La mort de dix soldats français commence à délier les langues sur ce qui se passe en Afghanistan. Témoin Le Figaro de ce jour, avec un article intitulé “Les provinces basculent du côté de la rébellion”. Extraits :
« Les erreurs de la coalition occidentale et l'impéritie de l'administration Karzaï ont poussé les Pachtounes dans les bras des talibans.
« On le savait, les spécialistes le savaient, mais personne ne le disait jamais vraiment dans des états-majors de l'Otan. L'Afghanistan est en guerre, les insurgés afghans sont des adversaires sérieux, qui n'opèrent plus seulement dans les lointaines provinces du Sud pachtoune, mais sont maintenant aux portes de Kaboul.
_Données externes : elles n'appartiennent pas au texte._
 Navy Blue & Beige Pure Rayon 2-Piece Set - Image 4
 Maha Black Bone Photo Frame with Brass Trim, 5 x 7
« Les insurgés, dont les talibans ne représentent qu'une fraction dominante, ne se sont pas forcément déplacés, même s'ils franchissent régulièrement la non-frontière pakistanaise pour se ravitailler. Les anciens étudiants en religion et leurs alliés n'ont pas repris de terrain en l'occupant. C'est surtout leur idéologie qui a regagné au cours des deux dernières années les clans et les tribus pachtounes des provinces voisines de la capitale : Parwan et Kapissa au nord de la ville, le Laghman et le Loghar à l'est, le Wardak et le Nangarhar au sud ont toutes, petit à petit, basculé du côté de l'insurrection. Les routes sont devenues d'abord dangereuses, puis impraticables. Les insurgés organisant à présent des points de contrôle en plein jour.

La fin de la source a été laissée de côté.